PG Phriday: 10 Things Postgres Could Improve - Part 2

June 19, 2020
PG Phriday: 10 Things Postgres Could Improve - Part 2

Last week, we examined Postgres XID wraparound complications in greater depth to see exactly how easily they can surprise even prepared enterprises. But we also found the real problem areas and how to mitigate them specifically.

In this continuing series to plumb the depths of Postgres constructively, we’re going to focus on some of the ways Postgres replication may either work nonintuitively, or result in complications. And just like last time, we’ll discuss just how to address the situation so we can get the most of our Postgres database cluster.

Let’s get started.

Framing Postgres Replication

Back in the Bad Old Days before 9.0, Postgres didn’t have replication at all. The only thing that existed was continuous crash recovery, accomplished by applying WAL files shipped from an upstream Primary node.

In many ways, even the most current Postgres 12 version still reflects that model. All write activity is first written to the WAL, which replicas can now stream directly from the Primary node.
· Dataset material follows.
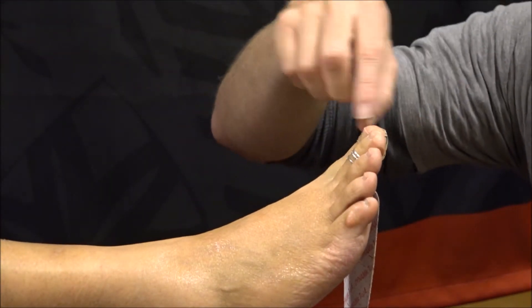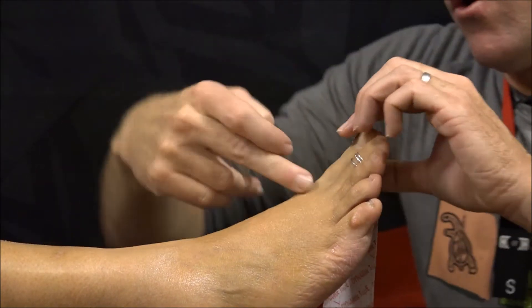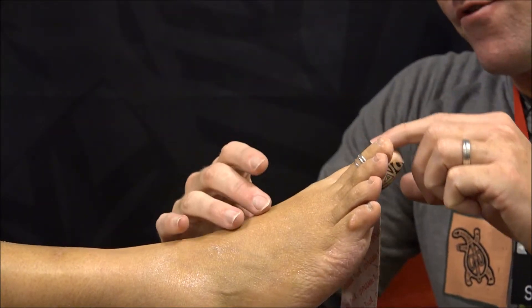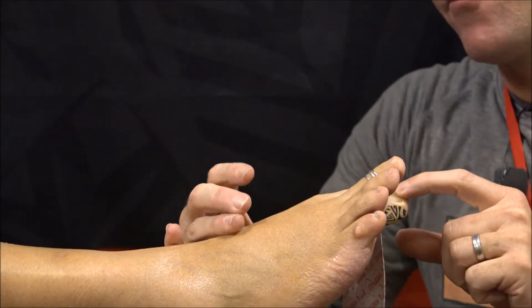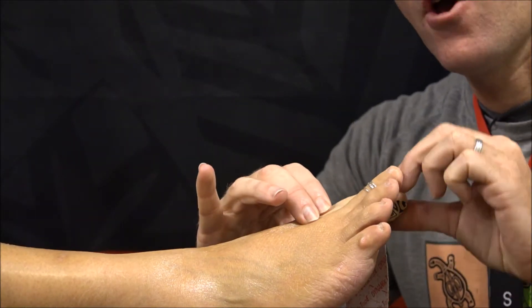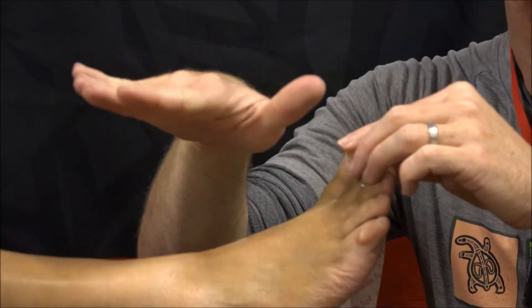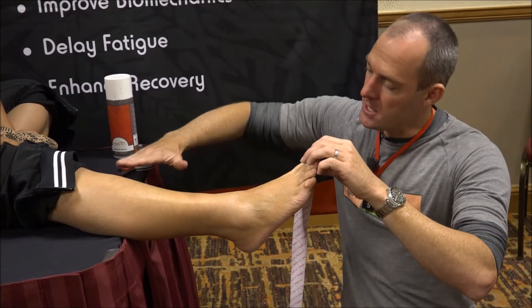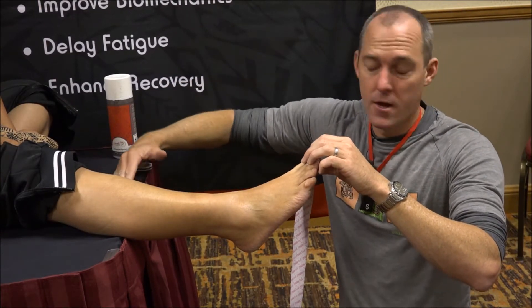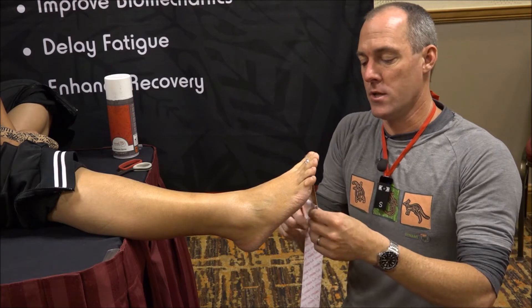I would usually put a rigid tape or something to lock that off. The reason that we come off the toe — it creates an artificial windlass mechanism. So when the toe goes into extension, it tightens up the tape, which creates more resistance to the foot flattening out, particularly between heel-off and toe-off. It's going to help maintain that re-supination to give you a better, more stable lever to push off.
Some under-the-hood modifications also made it possible to read a instances that were in the middle of WAL apply, but it is still very much a continuous crash-recovery apply mechanism.

This has some implications both fortunate and less so, however.

Hey, You Missed a Spot!

The default Postgres replication model is an asynchronous one, meaning that any data not received by a replica may be permanently lost. Some have suggested that synchronous replication is a solution to this, but that is only the case provided at least two replicas are present.

Why exactly is that? Try this experiment:


-- On the Primary node

CREATE TABLE foo ( id int );

-- Stop the synchronous standby. Then:

BEGIN;
INSERT INTO foo VALUES (1);
COMMIT;

The COMMIT should hang at this point. Now cancel the transaction, and select from the table. The supposedly canceled transaction is alive and well, despite having no acknowledgment from the synchronous standby. Even though the Postgres client refuses further action until the previous transaction is acknowledged, that didn’t stop it from occurring.

This is actually the expected behavior since Postgres uses WAL streaming for replication. In order for the transaction to be replayed on a replica, it must first exist in the stream. Ostensibly then, the transaction COMMIT record must also appear in the WAL before being consumed by the standby, even if it is synchronous.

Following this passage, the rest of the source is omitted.